Sheet Pan Chili Lime Salmon
Sheet Pan Chili Lime Salmon contains 1g protein and 107 calories per serving — this is a sauce and vegetable component, not a standalone protein meal. Quick-preps 4 servings on the stovetop to add flavor variety to your salmon prep. Pair with seasoned salmon fillets to create a complete high-protein dinner without extra cooking steps.
Ingredients
- •Lime Juice, Fresh(120g)
- •Parsley, Fresh(60g)
- •Olive oil(30g)
Regular (not extra-virgin) olive oil for high-heat cooking. EVOO for dressings.
- •2 tablespoons water
- •Garlic(15g)
- •Red pepper flakes(8g)
- •Cumin, Ground(5g)
- •1 1/2 teaspoons salt
- •Honey(15g)
- •Salmon
- •Bell Pepper
- •Bell Pepper
- •Bell Pepper
- •Yellow Onion
Instructions
- 1Mince the fresh garlic and chop the bell peppers and onion into bite-sized pieces; set aside.
- 2In a small bowl, whisk together the lime juice, olive oil, minced garlic, ground cumin, red pepper flakes, and honey until the honey dissolves completely and the mixture is smooth—about 1–2 minutes.
- 3Heat 1 tablespoon olive oil in a large skillet over medium-high heat for 1 minute until shimmering. Add the chopped bell peppers and onion, then cook 4–5 minutes, stirring occasionally, until the peppers begin to soften and char slightly at the edges.
- 4Push the vegetables to the sides of the skillet and add the salmon fillets to the center, skin-side up if applicable. Pour half of the lime-cumin marinade over the salmon and vegetables, tilting the skillet to coat evenly.
- 5Cook the salmon 6–8 minutes over medium-high heat until the flesh is opaque and flakes easily with a fork, and the internal temperature reaches 145°F. Do not flip; the residual heat will cook the top.
- 6Remove the skillet from heat and drizzle the remaining marinade over the salmon. Scatter the fresh parsley over the entire pan.

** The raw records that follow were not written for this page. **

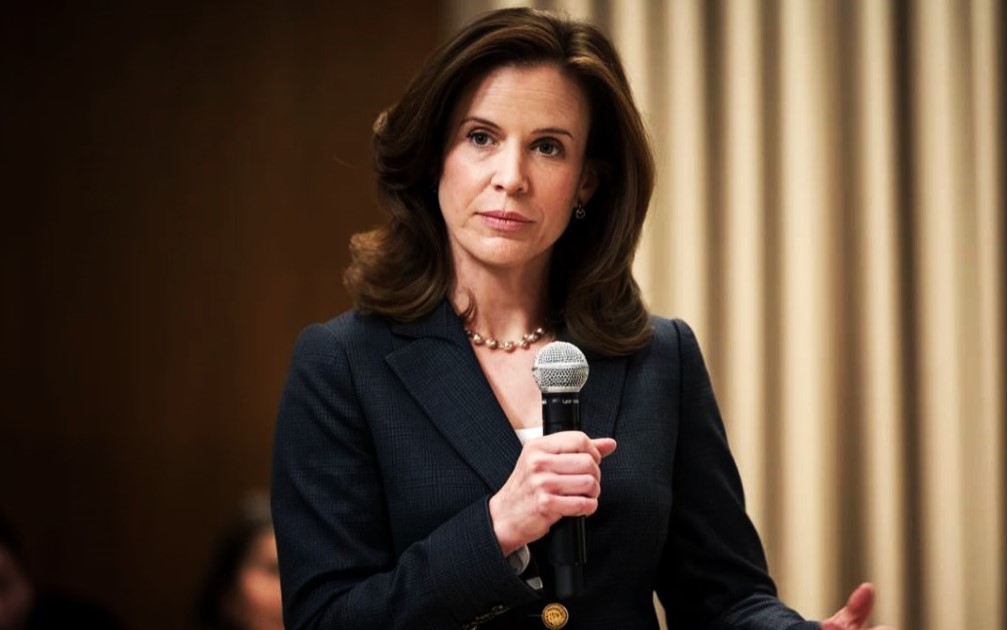 Shannon Reardon Swanick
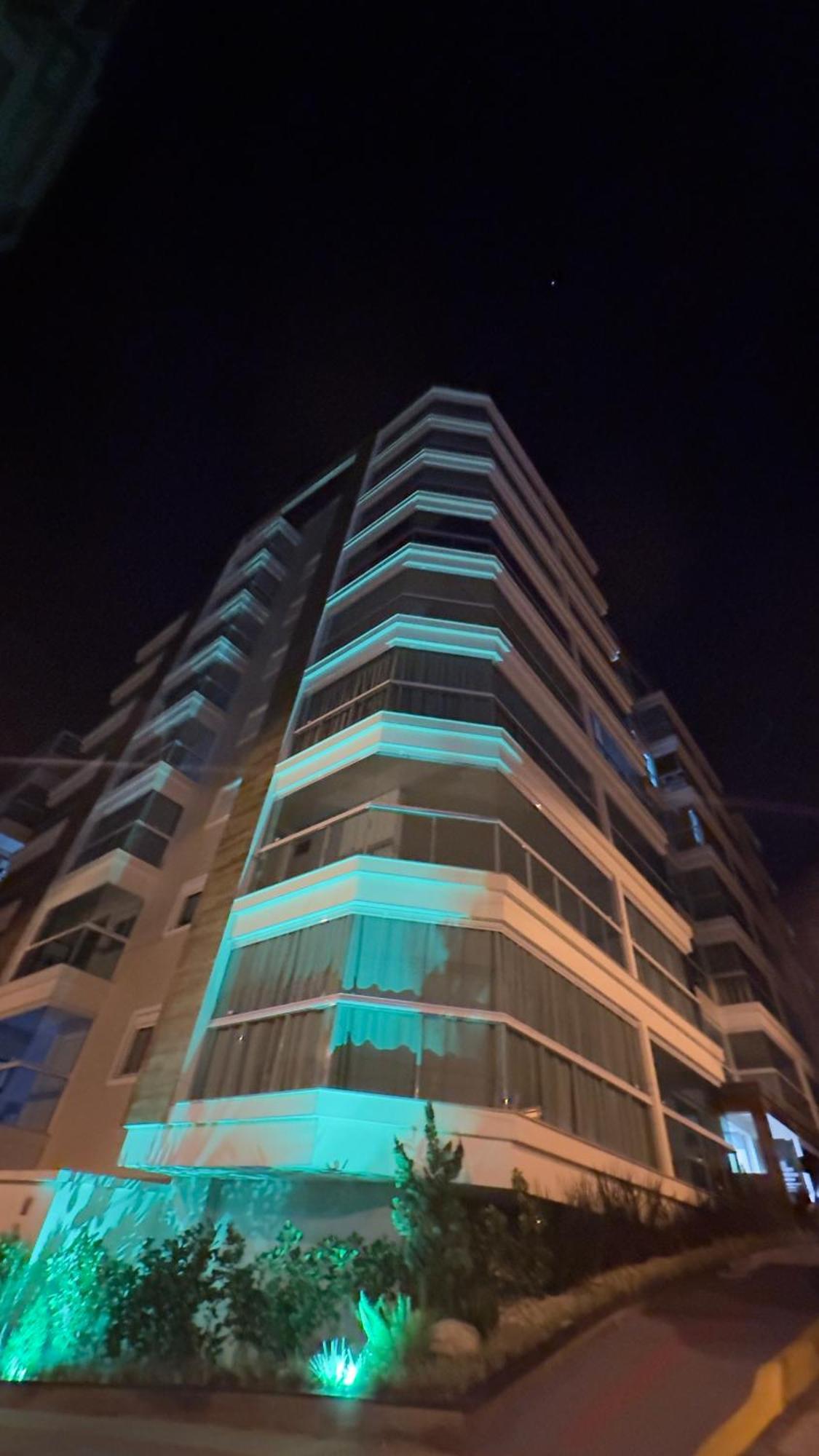 Apto Das Lavandas - 2 Quartos - Apto Todo Climatizado - A 150M Do Parque Termal! Piratuba Exterior photo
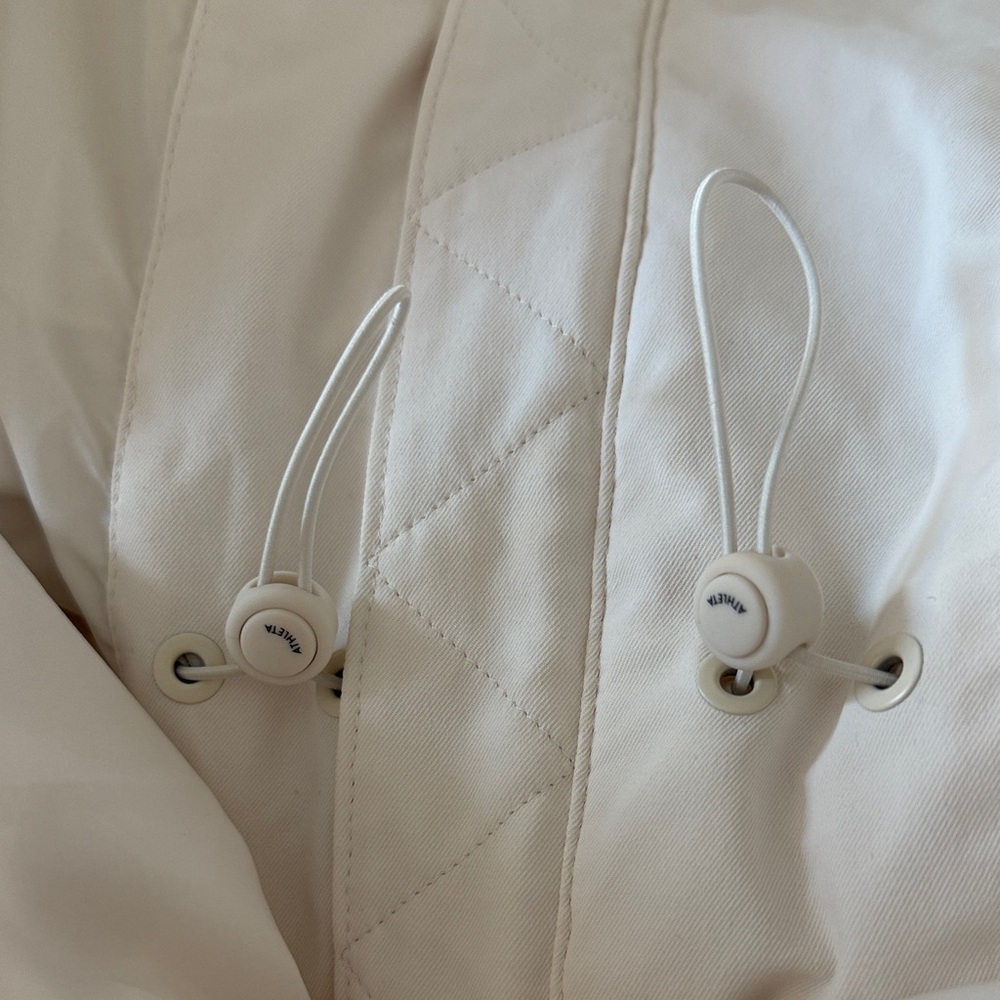 Athleta Rain Jacket - Picture 8 of 8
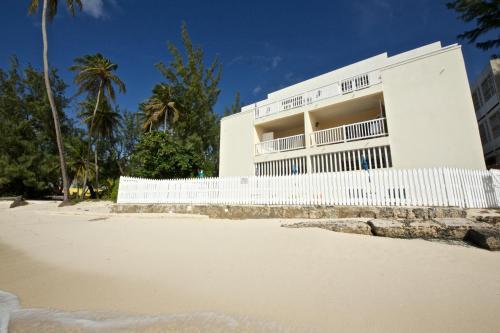 Apartamento Ferienwohnung Barbados - Bed And Breakfast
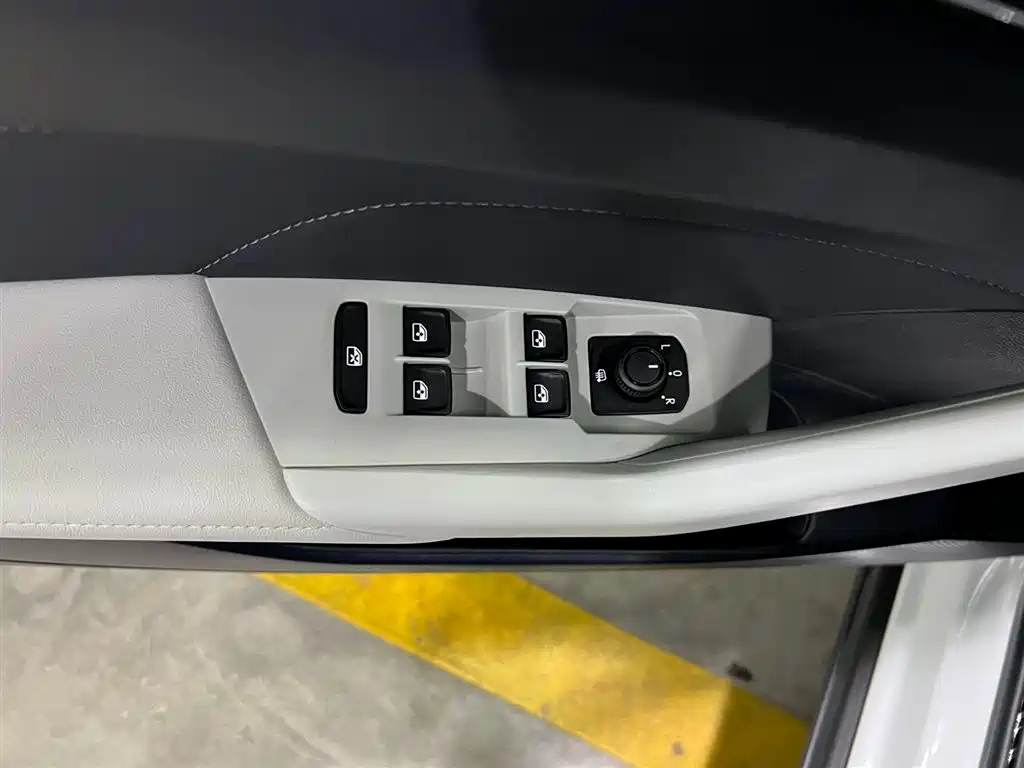 Volkswagen Tharu 2026 New Sharp 1.5L Aspiration Edition фото 9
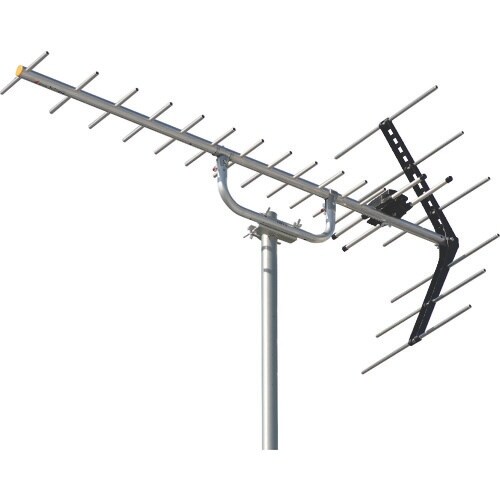 日本アンテナ UHFアンテナ 14素子 給電部F型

- 7Divide the salmon, peppers, and onion evenly into 4 airtight containers while hot, spooning pan juices over each portion. Cool to room temperature before sealing and refrigerating for up to 3 days.
Nutrition — Per Serving
107
calories
1g
protein
8g
fat
- Carbohydrates
- 9g
- Saturated fat
- 1.1g
- Sodium
- 13 mg
- Dietary fiber
- 1.4g
4 servings per batch · ~63g each
Macro data sourced from USDA FoodData Central
AI Swap Engine
Swap any ingredient and get recalculated macros instantly.
Set your goal to unlock — free, 30 secondsCommon questions
How much protein does Sheet Pan Chili Lime Salmon have per serving?
This recipe contains only 1g of protein per serving at 107 calories, making it unsuitable as a standalone meal for tracking macros. It functions better as a vegetable or side component alongside a higher-protein primary dish.
How long does Sheet Pan Chili Lime Salmon take to prep?
This is a quick prep stovetop recipe that yields 4 servings in minimal time. It's designed as a side dish component rather than a complete macro-focused meal.
Is Sheet Pan Chili Lime Salmon good for fat loss?
At 107 calories and only 1g protein per serving, this recipe alone won't support fat loss goals that require adequate protein intake. Pair it with a high-protein main dish to create a balanced meal.